Correspondence between the parties
clearly shows that the
disciplinary proceedings were part and parcel of the ongoing dispute
between the appellant on the one hand
and the employees and their
representative union, the respondent, on the other hand. In my
view, to insist in the light of these
facts that the respondent was
not a party to the disciplinary proceedings, which were part of the
ongoing dispute between the appellant
and the respondent, is pedantic
and too technical.
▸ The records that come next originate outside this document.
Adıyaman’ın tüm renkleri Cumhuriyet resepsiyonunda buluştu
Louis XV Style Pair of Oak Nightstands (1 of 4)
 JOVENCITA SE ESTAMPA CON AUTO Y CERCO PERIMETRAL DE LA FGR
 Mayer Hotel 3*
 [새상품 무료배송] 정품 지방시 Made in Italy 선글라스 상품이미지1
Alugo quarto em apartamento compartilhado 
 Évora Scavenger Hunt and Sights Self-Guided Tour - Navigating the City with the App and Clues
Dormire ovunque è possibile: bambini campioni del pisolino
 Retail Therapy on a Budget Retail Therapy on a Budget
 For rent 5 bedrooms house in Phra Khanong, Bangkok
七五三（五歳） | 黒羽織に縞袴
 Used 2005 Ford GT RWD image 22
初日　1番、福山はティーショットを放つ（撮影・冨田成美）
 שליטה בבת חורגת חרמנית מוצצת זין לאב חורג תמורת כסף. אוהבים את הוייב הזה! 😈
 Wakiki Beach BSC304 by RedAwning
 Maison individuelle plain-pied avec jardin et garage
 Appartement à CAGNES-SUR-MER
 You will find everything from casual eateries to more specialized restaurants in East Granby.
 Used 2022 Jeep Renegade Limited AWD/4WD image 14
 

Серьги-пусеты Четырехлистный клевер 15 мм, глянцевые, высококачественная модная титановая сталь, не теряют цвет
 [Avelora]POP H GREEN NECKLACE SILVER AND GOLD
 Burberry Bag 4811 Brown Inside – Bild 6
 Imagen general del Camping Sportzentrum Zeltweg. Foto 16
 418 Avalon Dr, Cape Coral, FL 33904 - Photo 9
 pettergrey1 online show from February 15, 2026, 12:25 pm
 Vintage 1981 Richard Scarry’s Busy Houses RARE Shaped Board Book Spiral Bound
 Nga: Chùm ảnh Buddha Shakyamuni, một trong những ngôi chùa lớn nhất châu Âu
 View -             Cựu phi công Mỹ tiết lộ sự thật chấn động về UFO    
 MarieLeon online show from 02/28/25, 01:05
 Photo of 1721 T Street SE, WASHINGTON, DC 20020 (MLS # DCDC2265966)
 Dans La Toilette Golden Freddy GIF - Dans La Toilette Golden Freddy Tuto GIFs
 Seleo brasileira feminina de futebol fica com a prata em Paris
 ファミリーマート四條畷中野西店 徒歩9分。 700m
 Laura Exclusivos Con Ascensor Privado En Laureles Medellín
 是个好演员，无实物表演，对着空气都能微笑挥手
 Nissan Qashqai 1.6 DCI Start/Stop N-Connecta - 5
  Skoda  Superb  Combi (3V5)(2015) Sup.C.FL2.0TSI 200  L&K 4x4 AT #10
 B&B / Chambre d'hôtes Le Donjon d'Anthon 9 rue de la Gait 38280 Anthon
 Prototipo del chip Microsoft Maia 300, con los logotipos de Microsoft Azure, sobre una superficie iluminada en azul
Apart from this, the employees are members of
the respondent and they authorised
the respondent to institute the
proceedings in terms of a document on p 74 of the record, which
reads in part:
We, the undersigned, hereby authorise the Union to institute High
Court proceedings on our behalf, against Tel-One (Pvt) Ltd,
for
unfairly dismissing us following a collective job action.
At the time of the collective job action, which we believe was
engaged upon in compliance with the Labour Act, (we) were fully
paid
up members of the Union.
Thereunder the signatures of the various employees of the appellant
who were members of the respondent are attached.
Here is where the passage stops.